= Faculty (Catholic canon law) =

Permission required by a Catholic priest to lawfully act as priest

A faculty, in the canon law of the Roman Catholic Church, is an ecclesiastical right conferred on a subordinate, by a superior who enjoys jurisdiction in the external forum. These rights then allow the subordinate to act, in the external or internal forum, validly or lawfully, or at least safely.

==Classification==

They may be classified by the object to which they relate:

- jurisdiction is granted to absolve from sins and ecclesiastical censures, to dispense in vows, in irregularities relating to the reception of orders, in matrimonial impediments;
- permission or licence is given to do something which would be otherwise forbidden, as the reading of prohibited books, saying two Masses on the same day; ordaining clerics under the prescribed age;
- to avoid worry and qualms of conscience a precautionary dispensation or permission is granted to proceed in certain cases in relation to which the opinions of theologians may not appear sufficiently well founded, as for instance, a matrimonial dispensation may be conceded as a precaution, when it is not certain that an impediment exists, or permission to anticipate at 2 p.m. the recitation of the Divine Office is granted to a person who is unwilling to accept the opinion that anticipation at that hour is lawful.

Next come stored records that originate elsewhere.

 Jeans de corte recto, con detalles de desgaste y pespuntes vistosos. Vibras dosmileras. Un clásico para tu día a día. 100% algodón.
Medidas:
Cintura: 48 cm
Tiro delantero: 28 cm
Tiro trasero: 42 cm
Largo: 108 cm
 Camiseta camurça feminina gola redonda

Secondly, faculties, by reason of their source, are Apostolic, episcopal, or regular. Faculties are styled Apostolic or papal when they proceed from the pope directly, or through the ordinary channels of the Roman Congregations. They are episcopal, if the power or privilege conferred proceeds from a diocesan bishop, by virtue of his own power or ordinary jurisdiction, as for instance, the faculties of the diocese, to hear confessions, say Mass, preach, etc., granted to priests who labour in the diocese for the salvation of souls. Faculties are regular when they proceed from superiors of the regular clergy by reason of their ordinary jurisdiction, or by virtue of extraordinary powers or privileges conceded to them by the Holy See.

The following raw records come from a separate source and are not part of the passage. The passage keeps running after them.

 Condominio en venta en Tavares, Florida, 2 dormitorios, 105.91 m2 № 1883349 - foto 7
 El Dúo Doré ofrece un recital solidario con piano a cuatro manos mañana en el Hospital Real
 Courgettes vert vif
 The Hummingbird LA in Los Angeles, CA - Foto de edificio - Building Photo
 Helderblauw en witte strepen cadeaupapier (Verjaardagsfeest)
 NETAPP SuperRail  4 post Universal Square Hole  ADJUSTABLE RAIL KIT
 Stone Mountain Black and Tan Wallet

Lastly, faculties are general or particular: general, when granted for indeterminate persons, though they may be limited by time; particular, when granted to designated persons or for particular cases. General faculties conceded to bishops and other ordinaries are also called indults. These indults are given for a definite period, e. g. five years (facultates quinquennales), or for a definite number of cases.

==History==

The distance of dioceses from Rome, together with peculiar local conditions, rendered the granting of these general faculties a matter of necessity, and in 1637 certain new grants or lists of faculties were drawn up by the Sacred Congregation of the Holy Office. Since then, they have been communicated by the Holy See, through the Congregation of the Propagation of the Faith, to bishops, vicars and prefects Apostolic throughout the world, according to their various needs.